Intervention de Victor Lina lors de la rencontre du 8 mars 2025 autour du texte de Charles Melman “La mère comme agent du père” (1996)

 

VL : Donc, je vais vous proposer de repartir de la notion de matrifocalité et de faire quelque part un retour en arrière, ce que signifie notamment le terme analyse. Et nous allons essayer de partir de ces années qui vont accoucher de cette notion. Alors, comme l’évoque, comme vient de l’annoncer Nicolle, ces travaux de Charles Melman, cet écrit de Charles Melman, sur « la mère comme agent du père » fait référence aux travaux d’au moins deux anthropologues qui ont travaillé sur les caractères de la structure familiale, notamment des groupes sociaux afro-descendants, notamment défavorisés au sein des populations de la Caraïbe, allant donc de la Jamaïque au Guyana. À cette époque de l’après-guerre, l’Empire britannique en déclin s’adapte et conserve de fortes amarres. C’est ainsi que la Jamaïque et le Guyana, ou encore la Barbade, sont encore des colonies et le resteront jusqu’aux années 60.

 

Donc cette émergence de ce concept, on la doit surtout à la suite de la Deuxième Guerre mondiale, qui a vu la participation notamment des Américains afro-descendants de manière massive à cette guerre mondiale.  Les premiers travaux qui vont s’intéresser à cette partie de la population nord-américaine vont commencer avec des auteurs comme Franklin Frazier, comme Melville Herskovits, qui vont notamment s’opposer du point de vue conceptuel, en tout cas quant à l’analyse qu’ils portent sur ces populations.

 

À côté de cela, de manière contemporaine, il y a le travail, l’ouvrage de Gilberto Freyre, élève de Boas et qui est auteur de l’ouvrage bien connu des psychanalystes de l’ALI-Antilles, Casa Grande y Senzala, qui expose en se référant à l’histoire et à la sociologie, ses réflexions et ses analyses au sujet de la société brésilienne marquée par l’esclavage.

 

À la croisée des idées de la pensée fonctionnaliste de Malinowski, de la théorie structuro-fonctionnaliste de Radcliffe-Brown, toutes deux érigées contre le courant évolutionniste et à la veille de l’émergence du structuralisme développé par Lévi-Strauss, puis par Françoise Héritier pour l’École française, nous avons différents auteurs anglo-saxons qui élaborent des notions, poursuivent des recherches, vérifient leurs postulats en réalisant des études sur le terrain.

 

Pendant cette première moitié du XXe siècle, les études sur la parenté et la filiation sont très répandues et sont l’objet de confrontations de thèses diverses passablement traversées par des préjugés raciaux à l’égard des populations dites « primitives » étudiées.

 

Solange Adélola Faladé, psychanalyste qui fut aussi médecin et anthropologue, disait qu’il y a pour l’anthropologie une nécessité de s’intéresser aux sociétés « autres », et en l’occurrence des sociétés dites primitives pour mesurer ou conforter leurs thèses.

 

C’est dans ce contexte que la recherche de différences et de constantes à visées universalisantes s’opère, en vue de faire valoir un discours apte à rendre compte de l’informe, de l’archaïque, voire de l’inédit.

 

Mais ce que recherchent ce vers quoi tendent ces anthropologues, c’est… je reprends cette idée de Solange Adélola Faladé, c’est l’autre.
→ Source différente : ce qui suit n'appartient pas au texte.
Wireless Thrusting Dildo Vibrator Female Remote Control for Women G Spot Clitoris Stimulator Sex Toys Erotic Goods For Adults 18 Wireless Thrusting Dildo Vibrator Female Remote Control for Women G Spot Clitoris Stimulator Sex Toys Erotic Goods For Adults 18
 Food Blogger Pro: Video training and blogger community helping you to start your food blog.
Et à travers l’autre, cette différence, pour voir et mélanger les données observées vers quelque chose qui soutiendrait une reconnaissance. Donc cette différence première pour considérer cet autre comme un semblable.

 

Ce que Lacan dénommera le discours universitaire opposé, voire antipathique au discours de l’analyste, comme le rappelle Sidi Askofaré, est ici pleinement déployé. Le discours universitaire, celui qui met en position d’agent – on y revient -, le savoir, le S2, et ce qui est refoulé et mis en position en dessous, à la place de la vérité, mais masqué pour le sujet, le S1, soit le signifiant maître.

 

Askofaré souligne ce que Lacan met en exergue concernant les rapports différenciés du discours universitaire et du discours de l’analyse, à la ségrégation, à l’universel et à la singularité.

 

Il ressort qu’au fondement de toute société, il y a la ségrégation avec comme prototype, paradoxalement, la fraternité. La fraternité ou cette identification au même avant d’être opposée aux autres.

 

La fraternité trouve sa consistance des incidences du parricide instaurant dans l’après-coup à la fois l’interdit et le permis qui relèvent du signifiant maître et qui limitent un périmètre de jouissance.

 

L’auteur ajoute que la fraternité et donc la ségrégation qui y est associée s’instaurent selon un triple processus de séparation, d’isolement et de concentration.

 

Mais advient le sujet de la science et le discours de la science qui initient une pratique de la ségrégation dont l’issue radicale est la déségrégation.  On passe du « eux et nous » à un « soit eux, soit nous ».

 

En effet, cette pratique de la ségrégation, son caractère organisé, concerté, planifié, voire rationnel, a un aboutissement singulier : la concentration…(Cadrage à partir de référentiels, usage de l’évaluation et de la mesure.)

 

Dans sa structure et sa logique, la science moderne…[d’une part]… procède à la forclusion de la vérité comme cause, la forclusion de la cause du sexe, de l’amour et du nom-du-père, […d’autre part]…, pour produire la connaissance de ces objets par décomposition, dissection, séparation, réduction, classement et, faut-il rajouter, l’éviction du sujet. Ce discours de la science est véhiculé par diverses disciplines et n’épargne pas les sciences humaines et sociales.

 

Donc, arrivent après ceux que j’évoquais, les précurseurs comme Frazier, Herskovits, Freyre, arrive Édith Clark (dont parle Charles Melman) qui est née en 1896, issue d’une riche famille de planteurs descendants de colons de la zone du sud-est de la Jamaïque, qui, après une scolarité en Angleterre, poursuit ses études supérieures à la London School of Economics et suit les enseignements de Bronislav Malinowski.

 

En 1930, elle publie un article ayant pour titre « La signification sociologique du culte des ancêtres, des Ashanti » dont les conclusions sont les suivantes : « nous avons montré que cette recherche sociologique, en permettant l’analyse objective des religions primitives au point de vue du contrôle qu’elles exercent sur l’organisation sociale et de leur importance à l’égard de celle-ci, fournirait à l’administrateur et au missionnaire le type d’anthropologie essentiel pour eux.” À méditer, si je puis dire.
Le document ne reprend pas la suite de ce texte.